Food is a passion in France and you don’t see them following the latest diet craze. They eat a lot of butter, cheese, meat, croissants and pate de foie gras. So why are they thinner than Americans, live longer, and have a much lower incidence of heart disease? Scientists call it the French Paradox and some studies have “shown” it’s all the wine they drink. I doubt it’s just the wine.
Many believe the French paradox has a lot to do with our base attitudes of food and eating. I agree with that line of thought. The French eat real food – food that is prepared at home and time is taken to gather the ingredients; it’s part of their daily routine. Eating is also a social activity in France; they have an unhurried attitude. Small courses are served at meal time and in between each course, there is plenty of time to socialize. The average meal lasts about two hours.
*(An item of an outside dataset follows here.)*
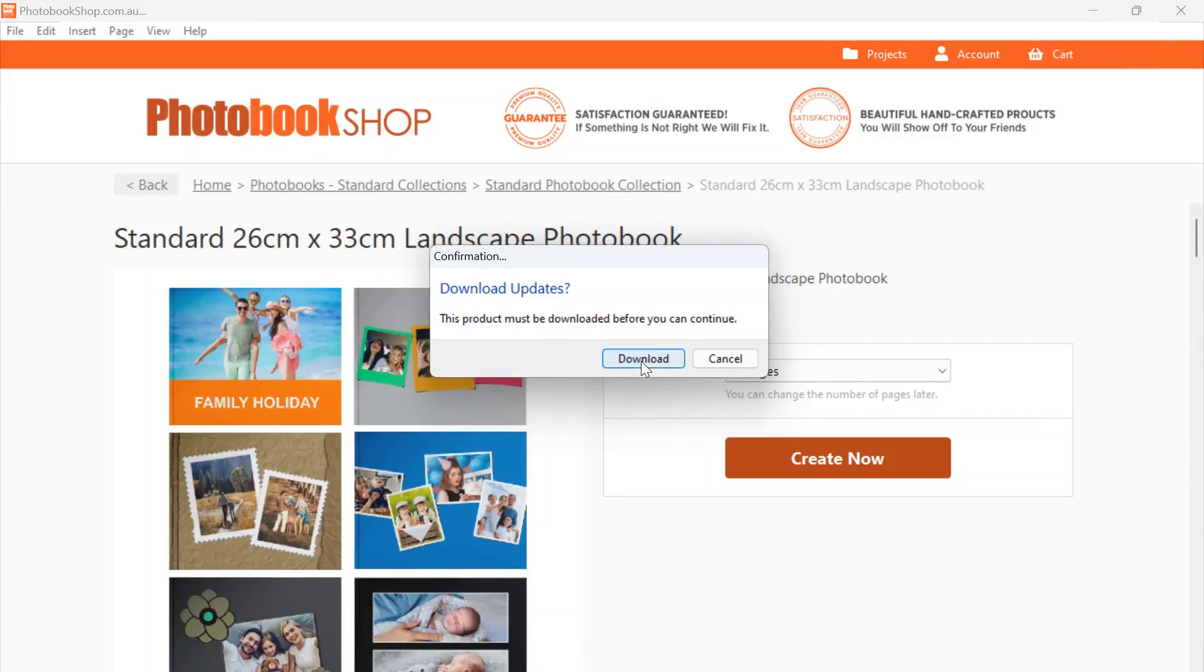So that's just a quick recap of our home page. If you would like a little bit more information on how to create a photo book and how the designer works, please see our next video.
In the U.S, we eat more processed foods and ready-to-eat meals; we eat fast food — both in and outside the home. By definition, fast food is eaten fast, so there’s not much time for any enjoyment. We have large portion meals, and family members will eat at different times, usually different foods than the rest. And we like to snack in between meals all day.
One of our best family vacations was visiting my aunt and uncle (my mom’s brother) in France. We stayed at their homes in St.-Malo on the Atlantic coast and in Paris and walked everywhere. They spoiled us with homemade meals, drank wine from my uncle’s personal wine cellar, and had lots of great conversations. My aunt walked to the market each morning to get the fresh ingredients to be used in our meals each day. The food experience is hard to match.
Eating food should be savored, and preparing food should be creative and not seen as a chore. Eat slowly and enjoy it more!